** Material supplied **
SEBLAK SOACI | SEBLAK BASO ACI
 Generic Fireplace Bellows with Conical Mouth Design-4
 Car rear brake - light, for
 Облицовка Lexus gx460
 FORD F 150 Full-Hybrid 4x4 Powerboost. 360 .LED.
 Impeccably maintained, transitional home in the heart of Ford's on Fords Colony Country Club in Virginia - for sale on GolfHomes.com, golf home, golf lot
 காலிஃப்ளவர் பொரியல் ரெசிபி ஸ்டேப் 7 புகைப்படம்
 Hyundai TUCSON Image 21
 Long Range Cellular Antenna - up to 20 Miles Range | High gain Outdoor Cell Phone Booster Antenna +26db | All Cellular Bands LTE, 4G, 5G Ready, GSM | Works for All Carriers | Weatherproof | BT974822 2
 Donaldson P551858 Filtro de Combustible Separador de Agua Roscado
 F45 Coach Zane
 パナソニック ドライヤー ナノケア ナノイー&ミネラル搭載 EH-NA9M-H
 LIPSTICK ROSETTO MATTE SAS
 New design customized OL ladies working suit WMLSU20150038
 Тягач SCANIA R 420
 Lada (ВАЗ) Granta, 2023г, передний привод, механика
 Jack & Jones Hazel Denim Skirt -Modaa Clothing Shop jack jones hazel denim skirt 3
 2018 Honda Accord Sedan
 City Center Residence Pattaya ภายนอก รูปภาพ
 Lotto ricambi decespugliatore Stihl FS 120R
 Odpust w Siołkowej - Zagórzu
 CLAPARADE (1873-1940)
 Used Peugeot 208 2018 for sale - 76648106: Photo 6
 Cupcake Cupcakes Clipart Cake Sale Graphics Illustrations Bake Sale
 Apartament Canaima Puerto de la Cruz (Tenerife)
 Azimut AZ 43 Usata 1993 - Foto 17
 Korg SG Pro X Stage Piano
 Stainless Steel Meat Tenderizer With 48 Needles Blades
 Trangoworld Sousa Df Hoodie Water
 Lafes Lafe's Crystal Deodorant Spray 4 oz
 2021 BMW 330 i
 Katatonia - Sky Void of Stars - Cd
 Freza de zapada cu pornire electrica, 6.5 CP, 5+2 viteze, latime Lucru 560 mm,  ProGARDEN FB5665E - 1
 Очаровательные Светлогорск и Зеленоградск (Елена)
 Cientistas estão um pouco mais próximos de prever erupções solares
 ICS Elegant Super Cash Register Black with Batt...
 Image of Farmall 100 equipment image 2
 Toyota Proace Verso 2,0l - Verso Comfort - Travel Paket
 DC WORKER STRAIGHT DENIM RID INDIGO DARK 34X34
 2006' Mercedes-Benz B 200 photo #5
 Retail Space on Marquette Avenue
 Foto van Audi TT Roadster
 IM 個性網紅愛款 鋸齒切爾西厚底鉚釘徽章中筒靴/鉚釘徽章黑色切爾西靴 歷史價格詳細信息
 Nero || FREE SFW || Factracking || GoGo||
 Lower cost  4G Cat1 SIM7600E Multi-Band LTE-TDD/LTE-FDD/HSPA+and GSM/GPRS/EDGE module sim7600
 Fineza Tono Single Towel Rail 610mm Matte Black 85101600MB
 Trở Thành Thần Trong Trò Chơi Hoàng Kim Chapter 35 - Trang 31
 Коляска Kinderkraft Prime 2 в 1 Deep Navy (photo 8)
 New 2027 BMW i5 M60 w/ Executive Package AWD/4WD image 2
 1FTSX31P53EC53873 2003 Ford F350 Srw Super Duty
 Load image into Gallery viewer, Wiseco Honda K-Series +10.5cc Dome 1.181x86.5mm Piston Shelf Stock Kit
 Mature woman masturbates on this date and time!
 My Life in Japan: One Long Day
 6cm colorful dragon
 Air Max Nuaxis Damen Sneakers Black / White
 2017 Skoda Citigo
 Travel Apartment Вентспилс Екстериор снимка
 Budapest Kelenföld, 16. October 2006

** Directions **
Line by line, copy the data above.

** Problem solution **
SEBLAK SOACI | SEBLAK BASO ACI
 Generic Fireplace Bellows with Conical Mouth Design-4
 Car rear brake - light, for
 Облицовка Lexus gx460
 FORD F 150 Full-Hybrid 4x4 Powerboost. 360 .LED.
 Impeccably maintained, transitional home in the heart of Ford's on Fords Colony Country Club in Virginia - for sale on GolfHomes.com, golf home, golf lot
 காலிஃப்ளவர் பொரியல் ரெசிபி ஸ்டேப் 7 புகைப்படம்
 Hyundai TUCSON Image 21
 Long Range Cellular Antenna - up to 20 Miles Range | High gain Outdoor Cell Phone Booster Antenna +26db | All Cellular Bands LTE, 4G, 5G Ready, GSM | Works for All Carriers | Weatherproof | BT974822 2
 Donaldson P551858 Filtro de Combustible Separador de Agua Roscado
 F45 Coach Zane
 パナソニック ドライヤー ナノケア ナノイー&ミネラル搭載 EH-NA9M-H
 LIPSTICK ROSETTO MATTE SAS
 New design customized OL ladies working suit WMLSU20150038
 Тягач SCANIA R 420
 Lada (ВАЗ) Granta, 2023г, передний привод, механика
 Jack & Jones Hazel Denim Skirt -Modaa Clothing Shop jack jones hazel denim skirt 3
 2018 Honda Accord Sedan
 City Center Residence Pattaya ภายนอก รูปภาพ
 Lotto ricambi decespugliatore Stihl FS 120R
 Odpust w Siołkowej - Zagórzu
 CLAPARADE (1873-1940)
 Used Peugeot 208 2018 for sale - 76648106: Photo 6
 Cupcake Cupcakes Clipart Cake Sale Graphics Illustrations Bake Sale
 Apartament Canaima Puerto de la Cruz (Tenerife)
 Azimut AZ 43 Usata 1993 - Foto 17
 Korg SG Pro X Stage Piano
 Stainless Steel Meat Tenderizer With 48 Needles Blades
 Trangoworld Sousa Df Hoodie Water
 Lafes Lafe's Crystal Deodorant Spray 4 oz
 2021 BMW 330 i
 Katatonia - Sky Void of Stars - Cd
 Freza de zapada cu pornire electrica, 6.5 CP, 5+2 viteze, latime Lucru 560 mm,  ProGARDEN FB5665E - 1
 Очаровательные Светлогорск и Зеленоградск (Елена)
 Cientistas estão um pouco mais próximos de prever erupções solares
 ICS Elegant Super Cash Register Black with Batt...
 Image of Farmall 100 equipment image 2
 Toyota Proace Verso 2,0l - Verso Comfort - Travel Paket
 DC WORKER STRAIGHT DENIM RID INDIGO DARK 34X34
 2006' Mercedes-Benz B 200 photo #5
 Retail Space on Marquette Avenue
 Foto van Audi TT Roadster
 IM 個性網紅愛款 鋸齒切爾西厚底鉚釘徽章中筒靴/鉚釘徽章黑色切爾西靴 歷史價格詳細信息
 Nero || FREE SFW || Factracking || GoGo||
 Lower cost  4G Cat1 SIM7600E Multi-Band LTE-TDD/LTE-FDD/HSPA+and GSM/GPRS/EDGE module sim7600
 Fineza Tono Single Towel Rail 610mm Matte Black 85101600MB
 Trở Thành Thần Trong Trò Chơi Hoàng Kim Chapter 35 - Trang 31
 Коляска Kinderkraft Prime 2 в 1 Deep Navy (photo 8)
 New 2027 BMW i5 M60 w/ Executive Package AWD/4WD image 2
 1FTSX31P53EC53873 2003 Ford F350 Srw Super Duty
 Load image into Gallery viewer, Wiseco Honda K-Series +10.5cc Dome 1.181x86.5mm Piston Shelf Stock Kit
 Mature woman masturbates on this date and time!
 My Life in Japan: One Long Day
 6cm colorful dragon
 Air Max Nuaxis Damen Sneakers Black / White
 2017 Skoda Citigo
 Travel Apartment Вентспилс Екстериор снимка
 Budapest Kelenföld, 16. October 2006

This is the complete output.